Our farmhome was built in 1810, a time when root cellars were used to preserve vegetables. We suspected that we might have a root cellar in our front yard, as there was an unexplained hump in the grass. When a colleague of mine, who collected old glass, asked to dig there for buried treasure, it afforded us the opportunity so see what was below the surface.

We discovered that it was a perfectly preserved root cellar with arched stone walls and a well on the far side. We lacked the knowledge and finances to restore it, so we covered it with plywood and stones, and there it remained for 15 long years. Eventually I tired of the ugly landscape, and my husband built a structure above the root cellar with concrete, stone, and old barn siding. He restored the stairs and added a bulkhead door. We then had a landscaper add stone paths and plantings to highlight our "new" old cellar.

This remodel involved earth that resembled a desert, a master bedroom sliding door that couldn't be used, eight cast−iron tree grates, and lots of old bricks, slate, and plants that needed to be divided. We hired a friend to build the deck, which was done in one day. Then we began creating the patio.

Using treated wood, we constructed eight 6−by−6−foot frames, arranged them, and then bolted them all to one another; the frames adjacent to the deck were bolted to the deck. Next, we shoveled tons of granite dust into the frames. Then we placed the cast−iron tree crates into the frames and filled the empty space with granite dust.
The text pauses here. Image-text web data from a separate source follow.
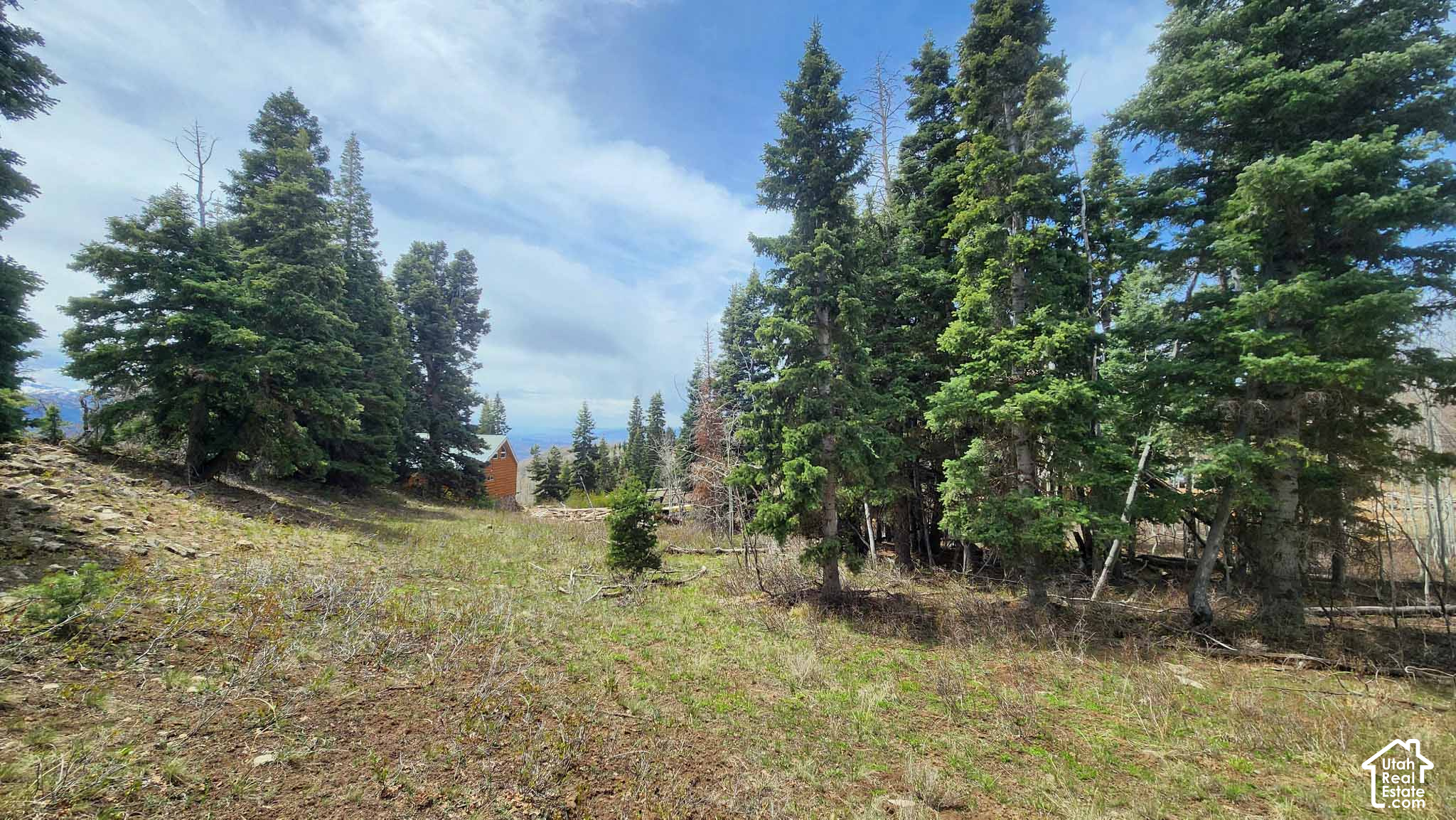 main property photo 9
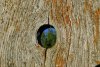 64907807-an-old-weathered-corral-fence-board-provides-a-perfect-knot-hole.jpg
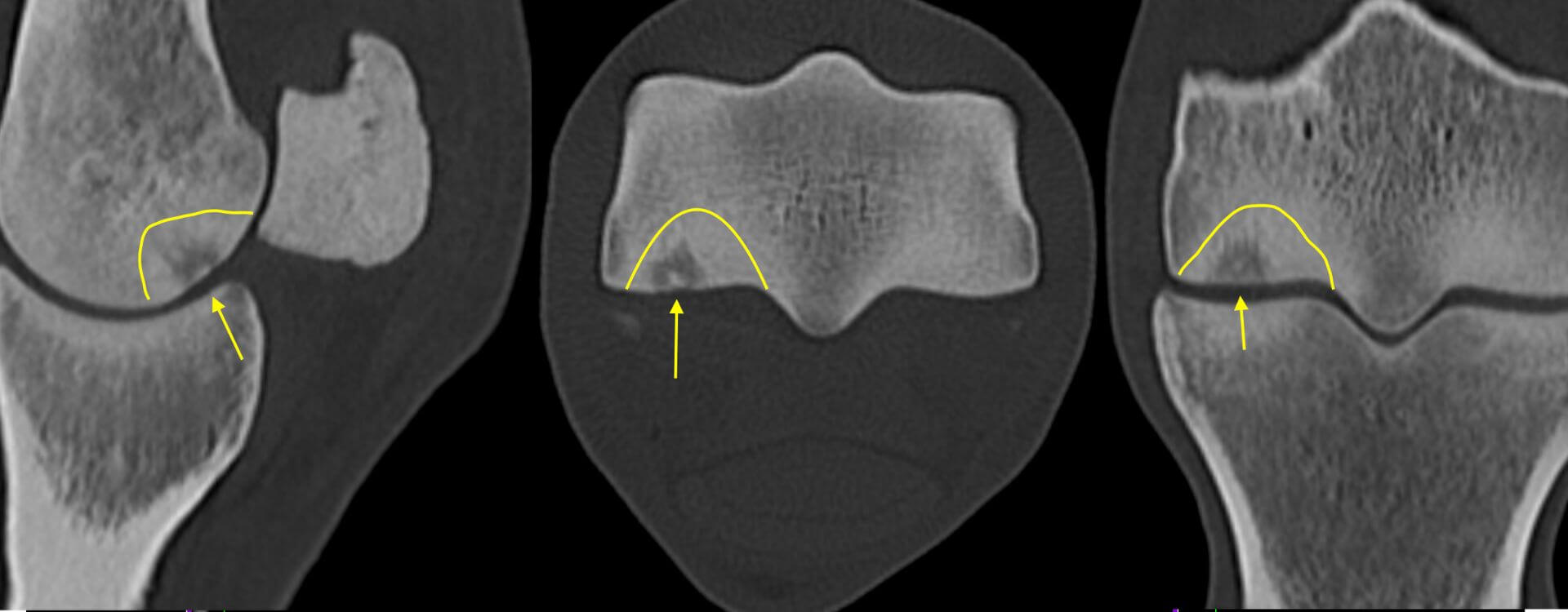 ct-oeh-2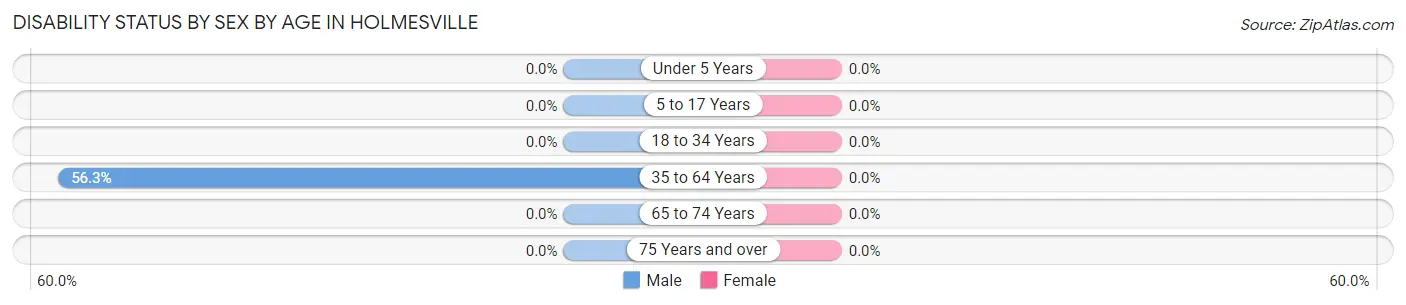 Disability Status by Sex by Age in Holmesville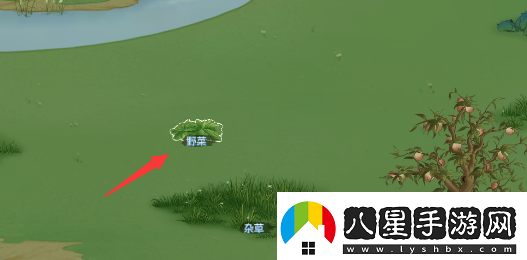 桃源記食物不夠怎么辦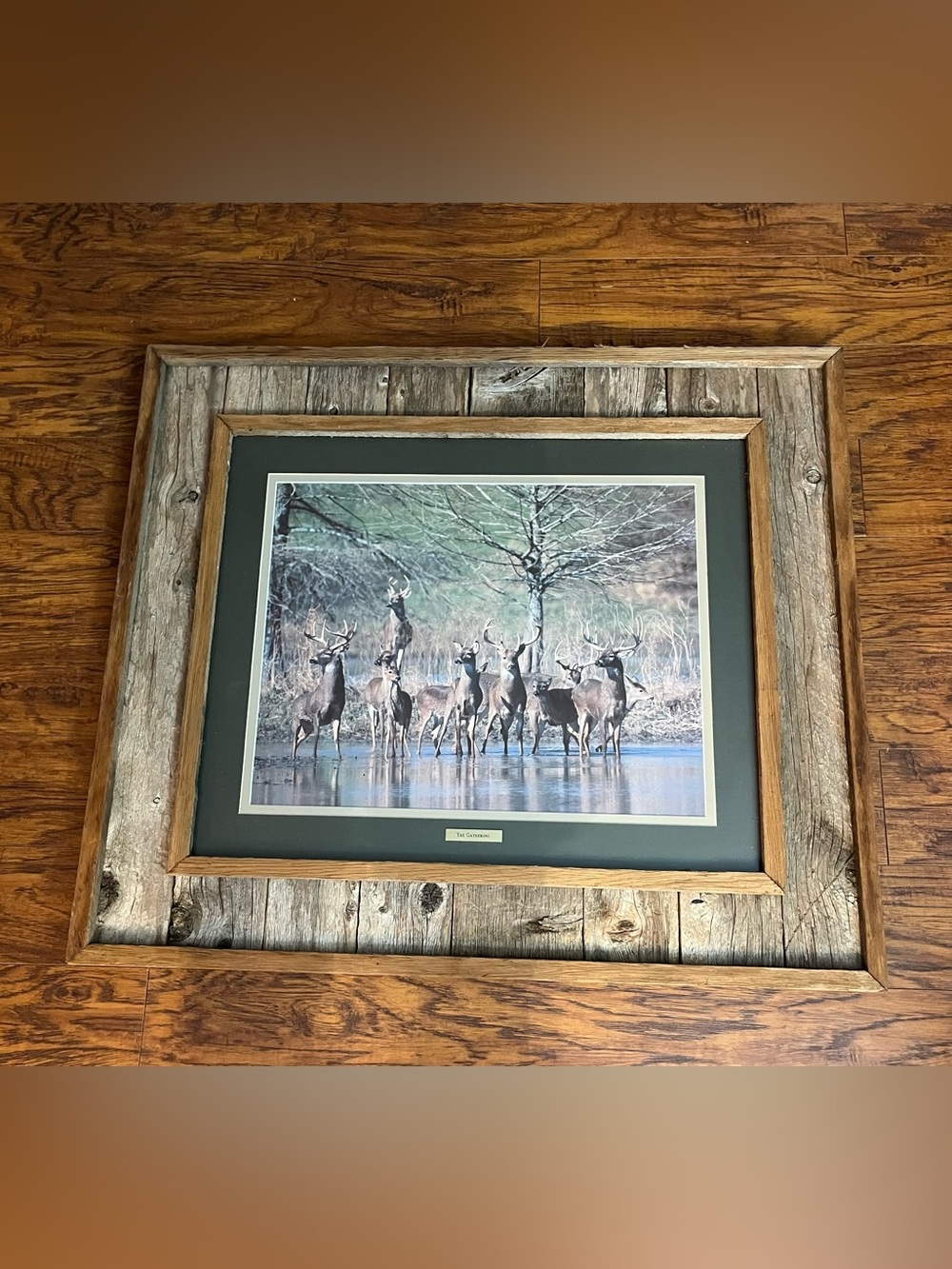 “The Gathering” Whitetail Deer Standing Near a Shallow Tank Edge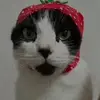 thomas tickles - @thomas.tickles - TikTok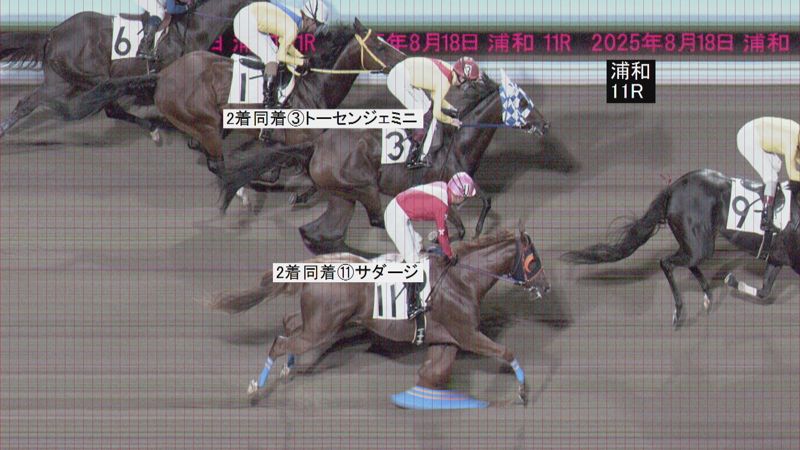 判定写真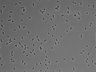 479-Ikebe-MorphResDL/CPFX_20220411_P_0011 thumbnail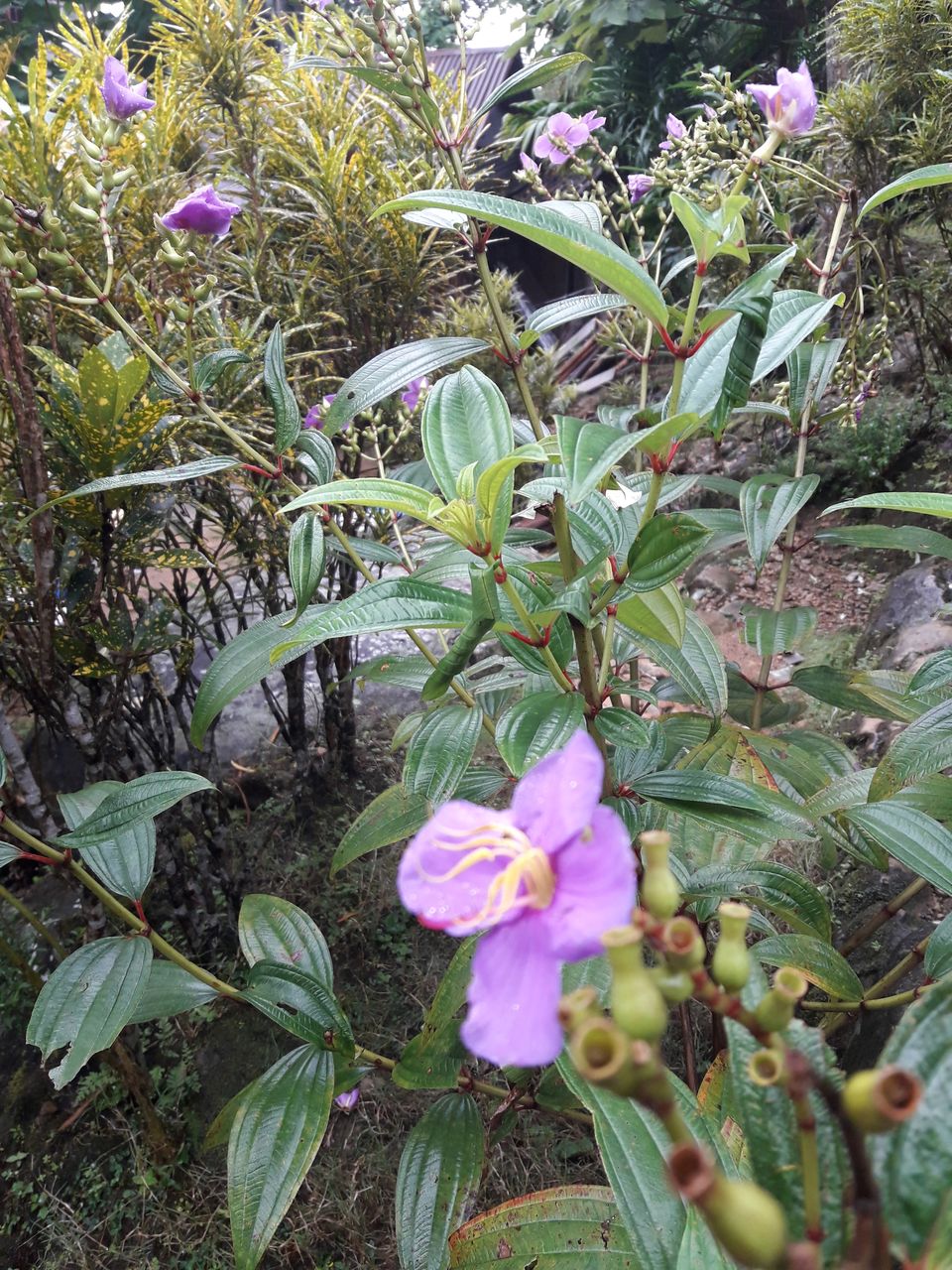 Photo of Mawlynnong - the cleanest village in Asia! 2/12 by Ryokõ-shä
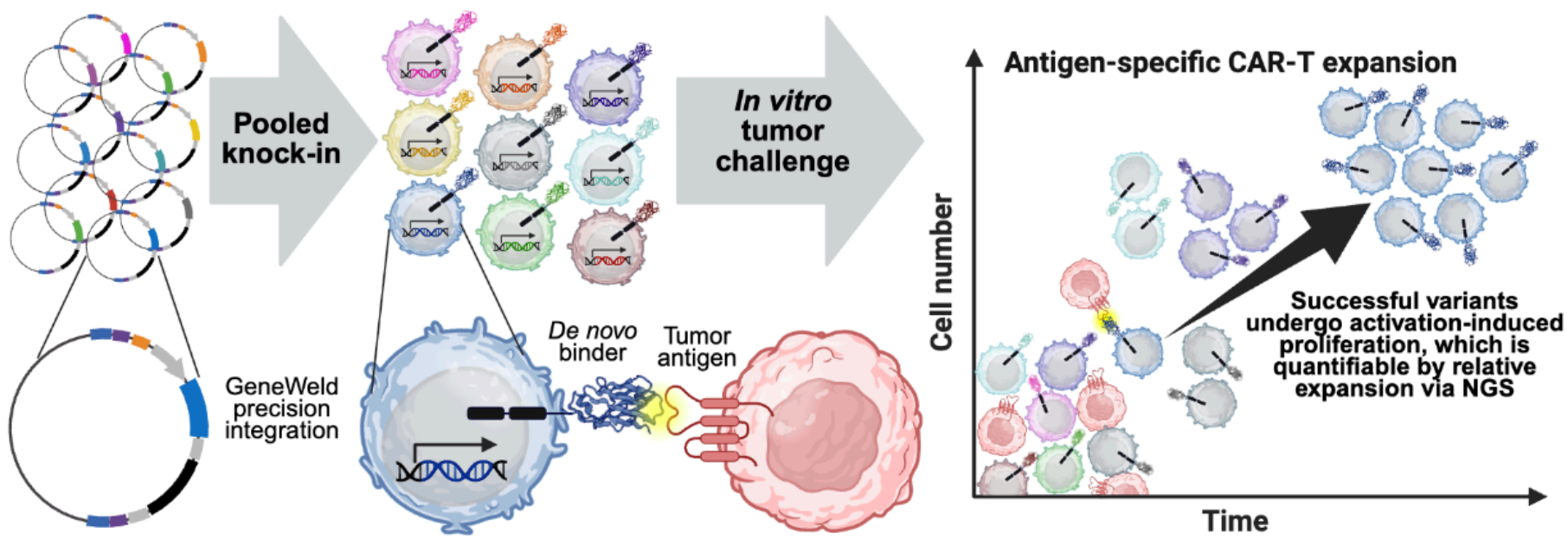 Diagram of the high-throughput CAR-T screening platform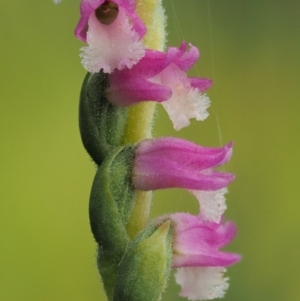 Spiranthes australis at Paddys River, ACT - suppressed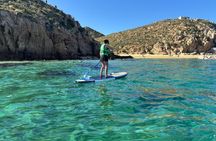 Kayak or Paddle Board & Snorkel to the Arch with Photos included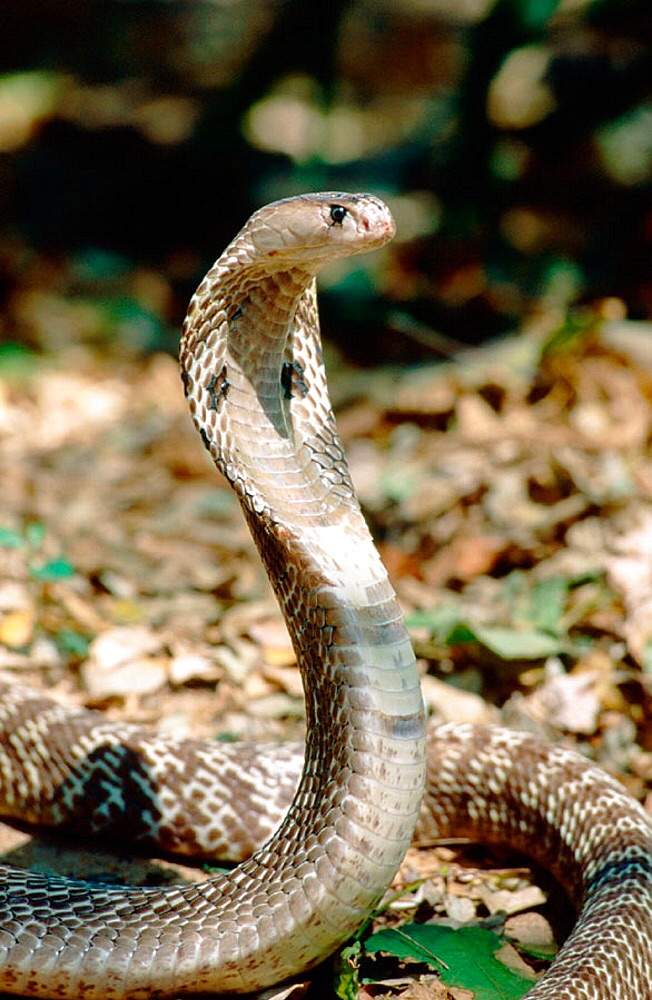 Ten Facts About The Indian Cobra 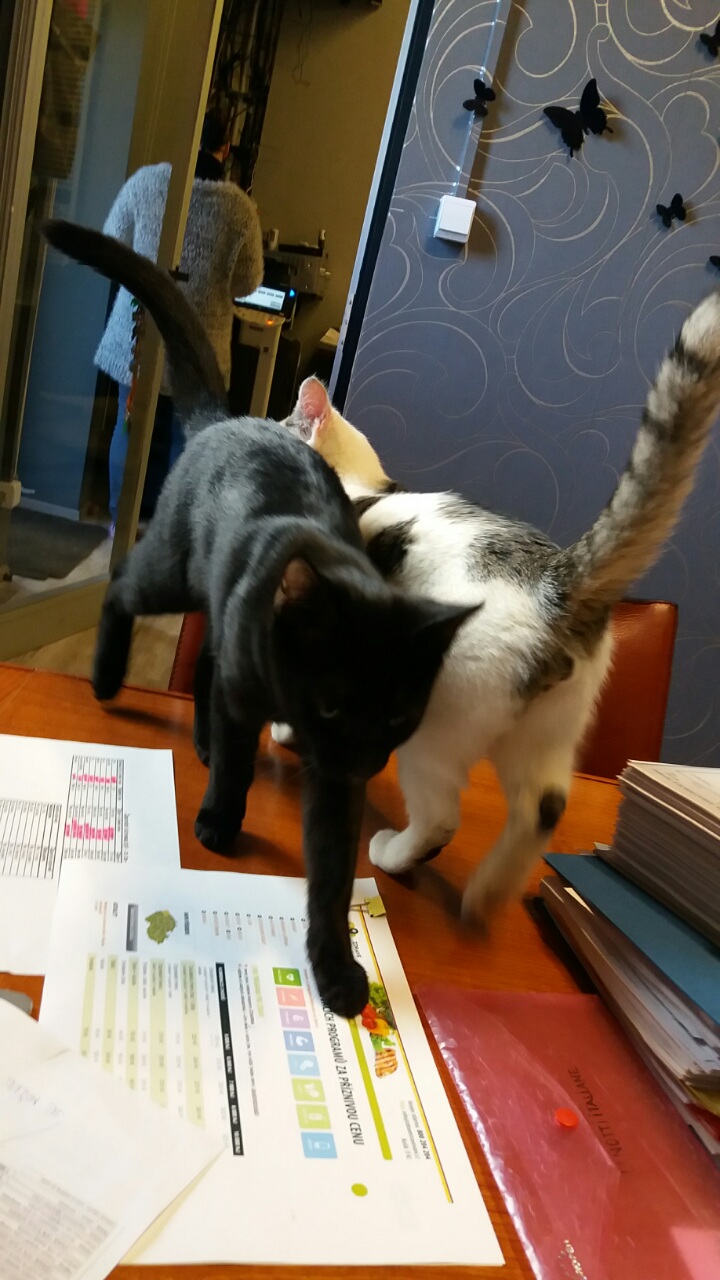 0-02-05-3c8f0d606e0a1ebbfc5c11382e5427b60747cd1785a5e06cde4be2f88ec12be5_full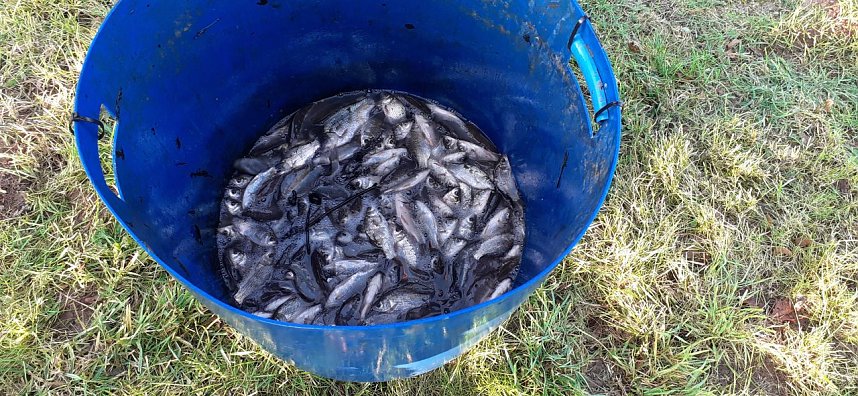 In Kelbra wurde abgefischt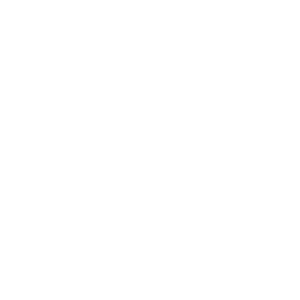 The dogfather francia bulldog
Using Quikcrete, we installed the slate and embossed−brick sections. Then we installed the aggregate walkway and posts. We placed store−bought aggregate stepping stones in the grate openings. Last, we installed the landscape plants.

I dedicated this garden to my mother, who passed away two years ago. She loved Japanese−style gardens, even though she was Korean, so I decided to build a Japanese garden. I had a three−year timetable but I was so eager I could hardly wait to start on my double−lot−sized landscape.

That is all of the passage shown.